ASSIGNED TASK:
In your copy of the data, include no pictures and alter nothing else.

PROVIDED RECORDS:

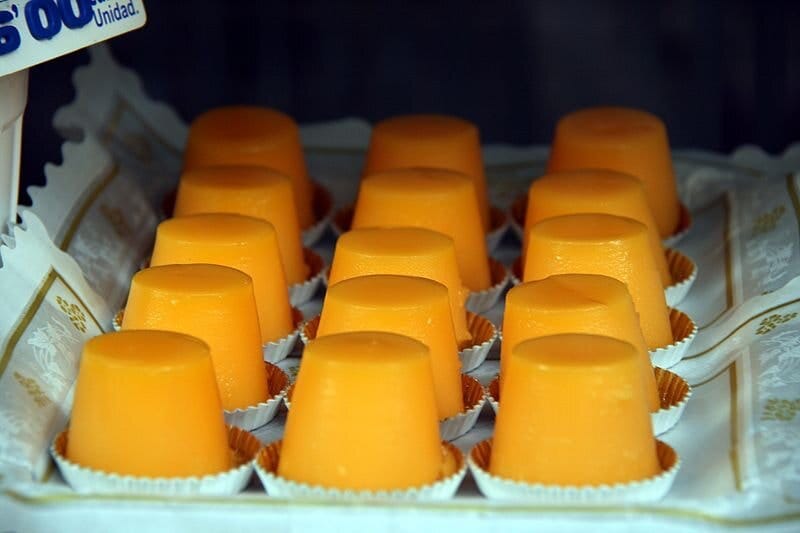 Here is a photo I nabbed from Wikipedia of some tocinillos de cielo. These are a lot yellower than the other photos I’ve found, but I’m trying not to step on any copyright toes, so this is the image you all get.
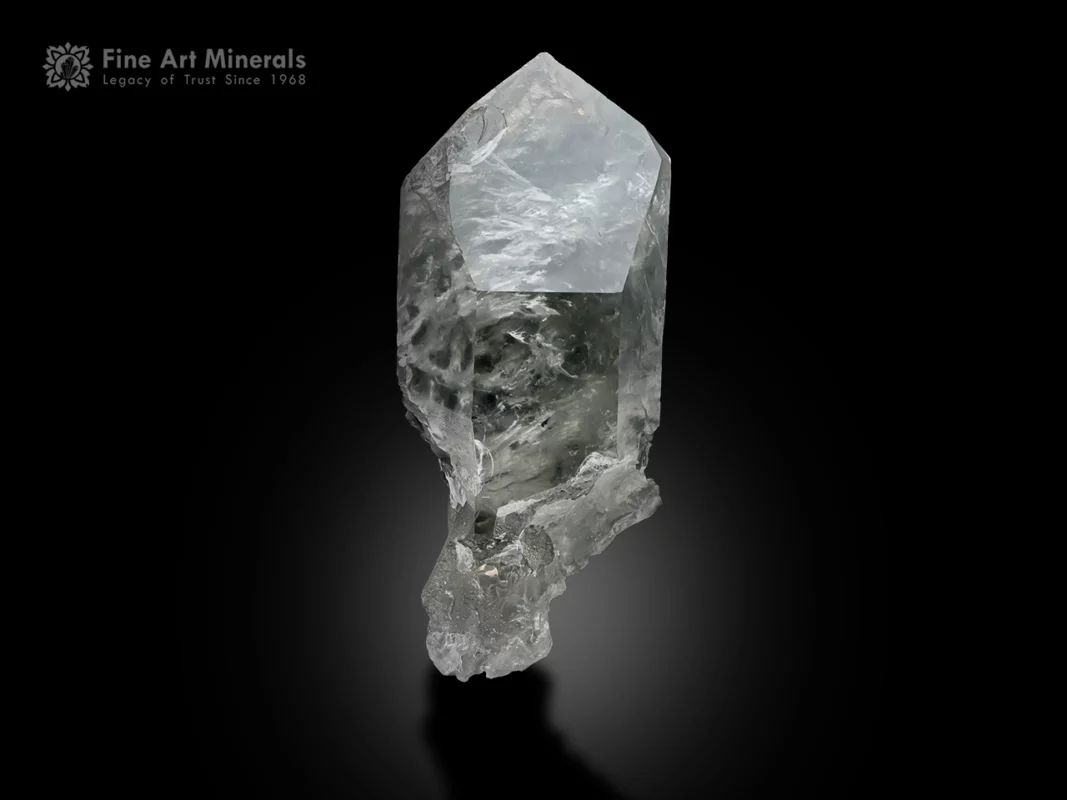 Quartz crystal with chlorite and Byssolite inclusions and glassy luster.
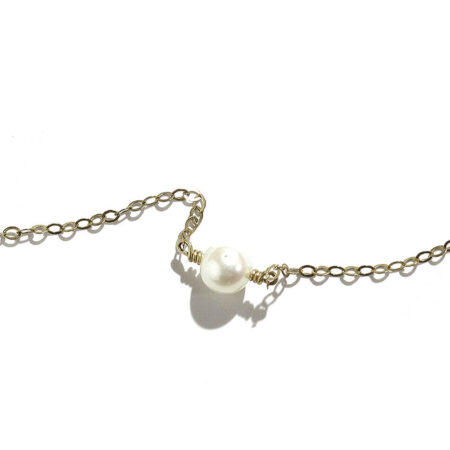 A single freshwater pearl is hung on a gold filled or sterling sliver chain. Beautiful pearl necklace for girls of any age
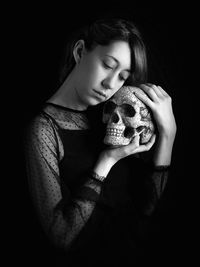 Sad woman holding human skull while standing against black background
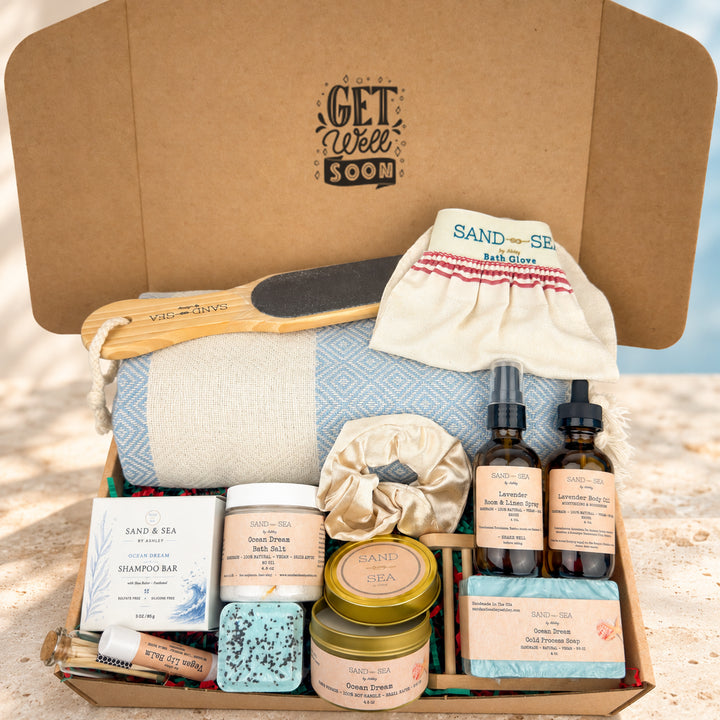 A curated beach wellness gift set in a brown cardboard box labeled &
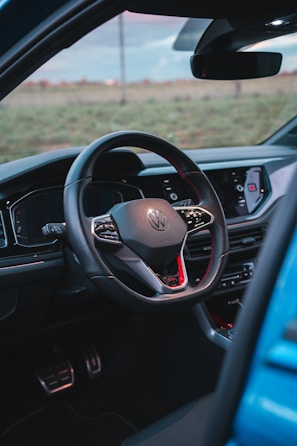 A close-up of a shiny dashboard and steering wheel inside a well-maintained used car.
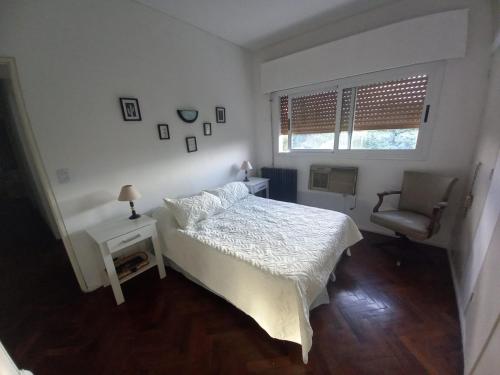 Ένα ή περισσότερα κρεβάτια σε δωμάτιο στο Departamento Sarmiento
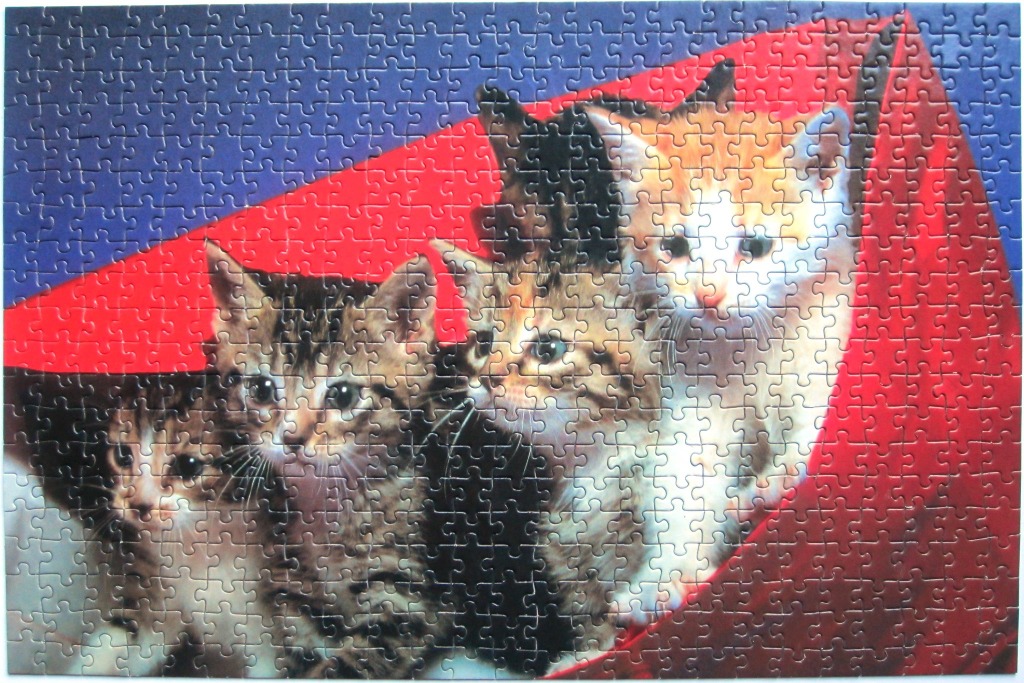 A group of four kittens peering from behind a vibrant red fabric against a dark blue background.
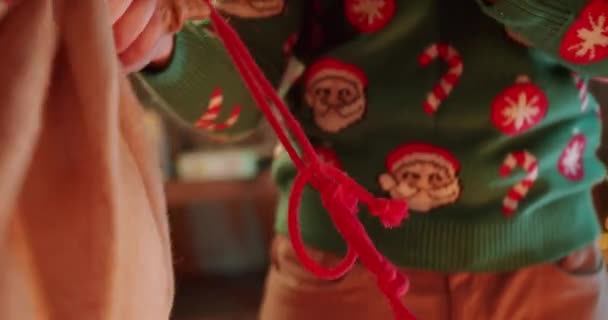 穿毛衣的圣诞老人的衣服带着礼物 打开袋子 在家里祝贺你 圣诞假期时 男性手打开装有礼物的袋子时被剪下的照片 除夕概念 — 图库视频影像
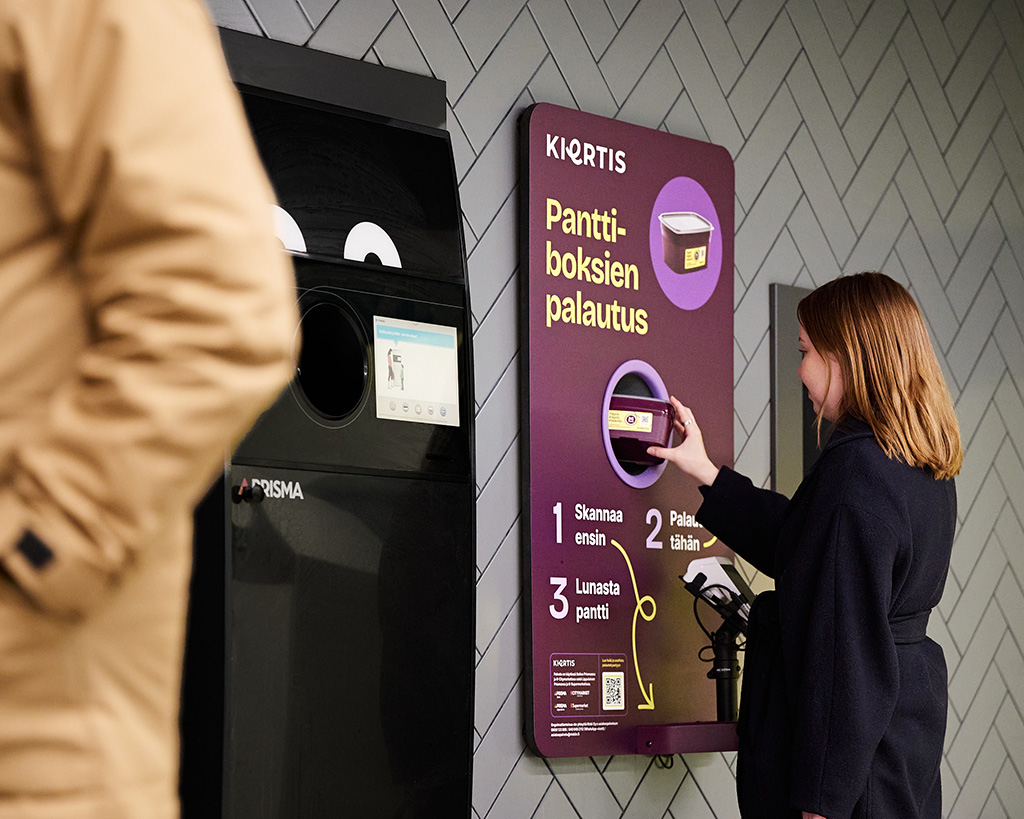 A woman returning a reusable food container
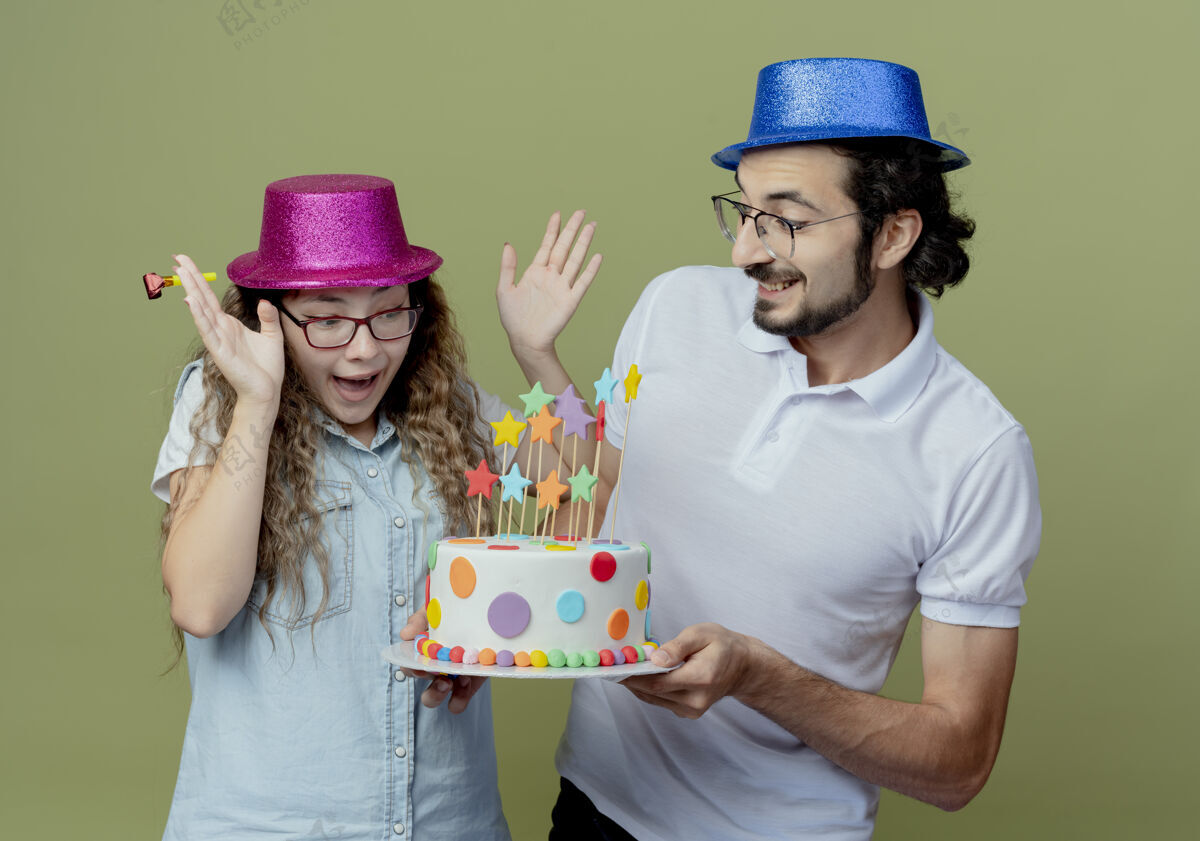 生日一对戴着粉蓝相间帽子的年轻人微笑着给被隔离在橄榄绿上的惊喜女孩送生日蛋糕粉色惊喜微笑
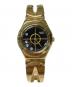 SWATCH（スウォッチ）の古着「腕時計」｜ブラック×ゴールド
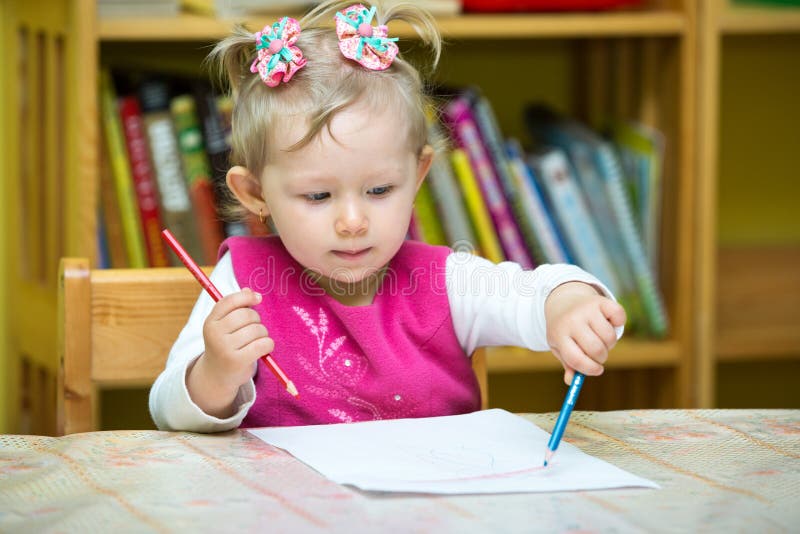 Cute child girl drawing with colorful pencils in preschool at table in kindergarten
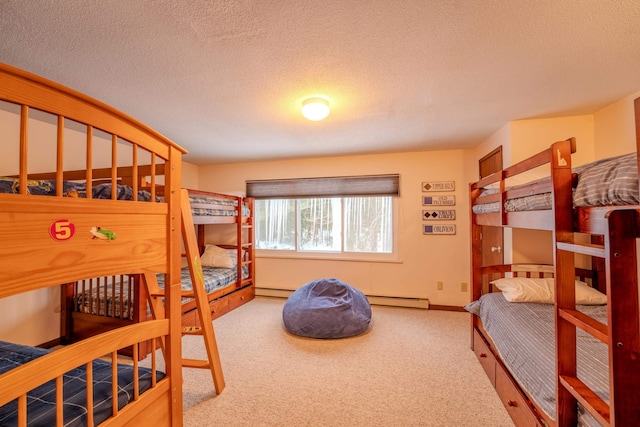 carpeted bedroom with a baseboard radiator and a textured ceiling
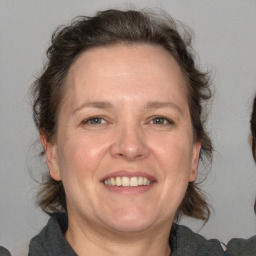 Joyful white adult female with medium  brown hair and blue eyes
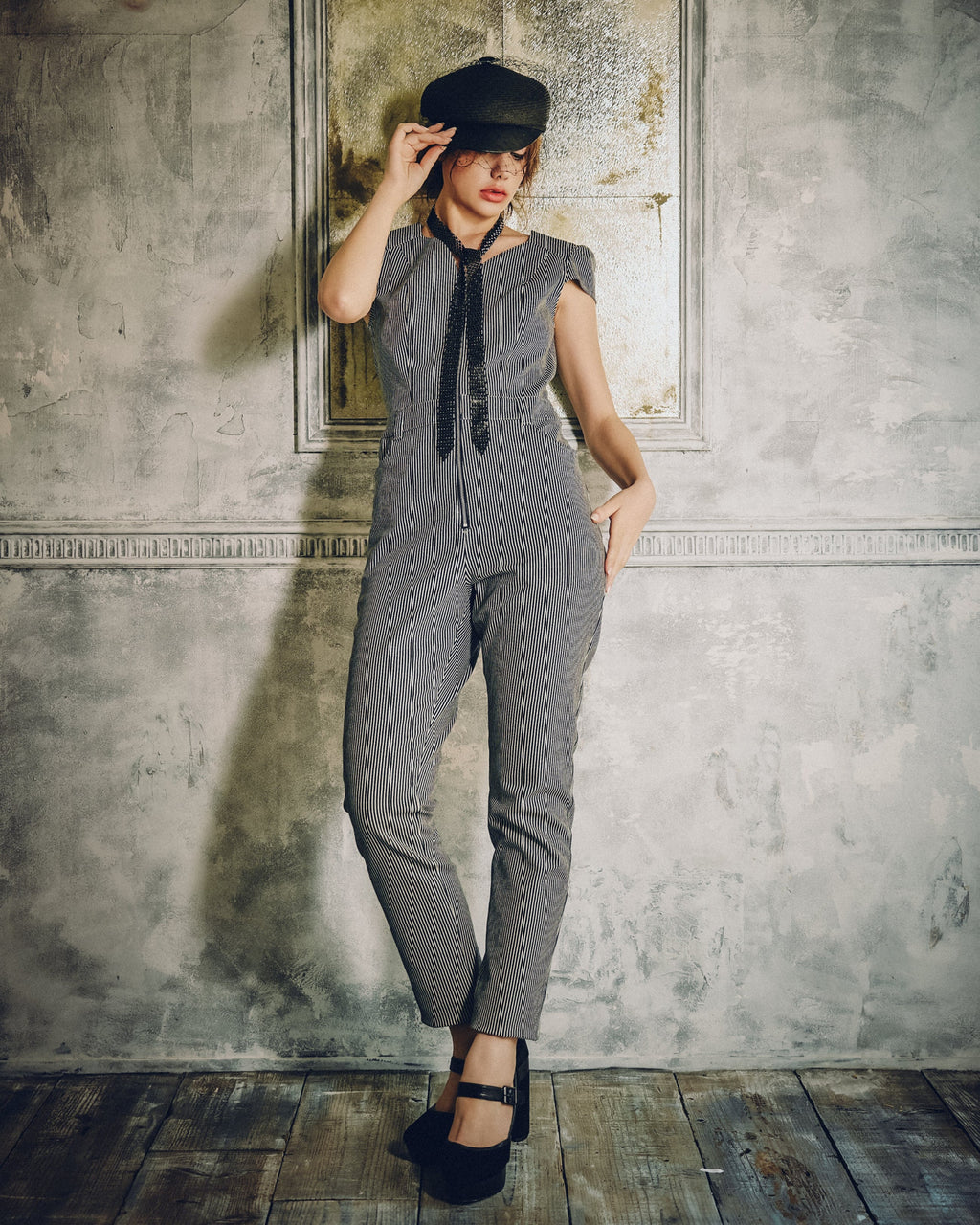 Model wearing Carla Jumpsuit in indigo hickory denim — front, Atë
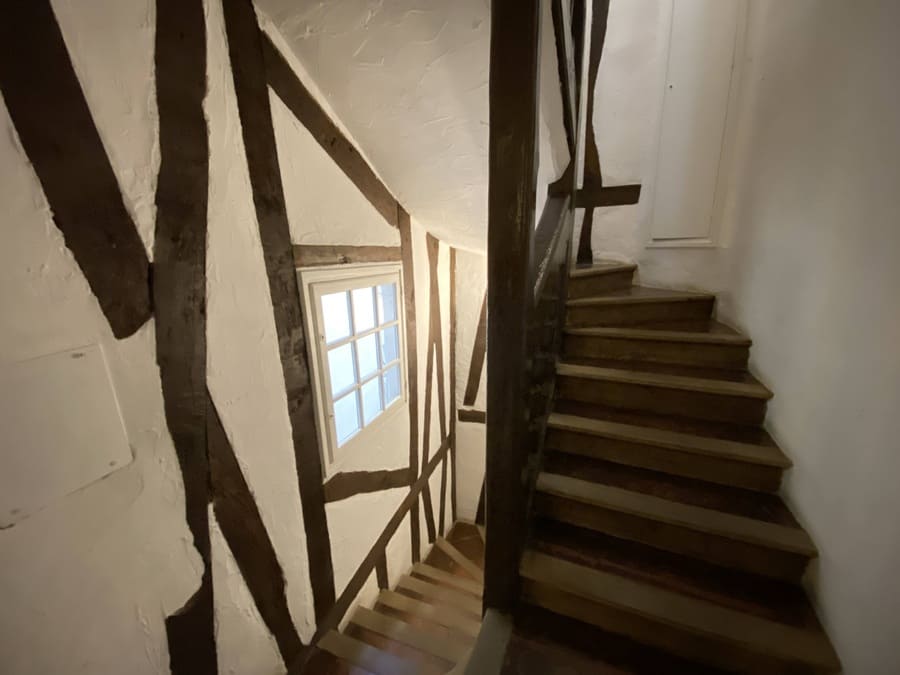 Historical stairwell with exposed beams at rue François Miron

RESPONSE AREA:
 Here is a photo I nabbed from Wikipedia of some tocinillos de cielo. These are a lot yellower than the other photos I’ve found, but I’m trying not to step on any copyright toes, so this is the image you all get.
 Quartz crystal with chlorite and Byssolite inclusions and glassy luster.
 A single freshwater pearl is hung on a gold filled or sterling sliver chain. Beautiful pearl necklace for girls of any age
 Sad woman holding human skull while standing against black background
 A curated beach wellness gift set in a brown cardboard box labeled &
 A close-up of a shiny dashboard and steering wheel inside a well-maintained used car.
 Ένα ή περισσότερα κρεβάτια σε δωμάτιο στο Departamento Sarmiento
 A group of four kittens peering from behind a vibrant red fabric against a dark blue background.
 穿毛衣的圣诞老人的衣服带着礼物 打开袋子 在家里祝贺你 圣诞假期时 男性手打开装有礼物的袋子时被剪下的照片 除夕概念 — 图库视频影像
 A woman returning a reusable food container
 生日一对戴着粉蓝相间帽子的年轻人微笑着给被隔离在橄榄绿上的惊喜女孩送生日蛋糕粉色惊喜微笑
 SWATCH（スウォッチ）の古着「腕時計」｜ブラック×ゴールド
 Cute child girl drawing with colorful pencils in preschool at table in kindergarten
 carpeted bedroom with a baseboard radiator and a textured ceiling
 Joyful white adult female with medium  brown hair and blue eyes
 Model wearing Carla Jumpsuit in indigo hickory denim — front, Atë
 Historical stairwell with exposed beams at rue François Miron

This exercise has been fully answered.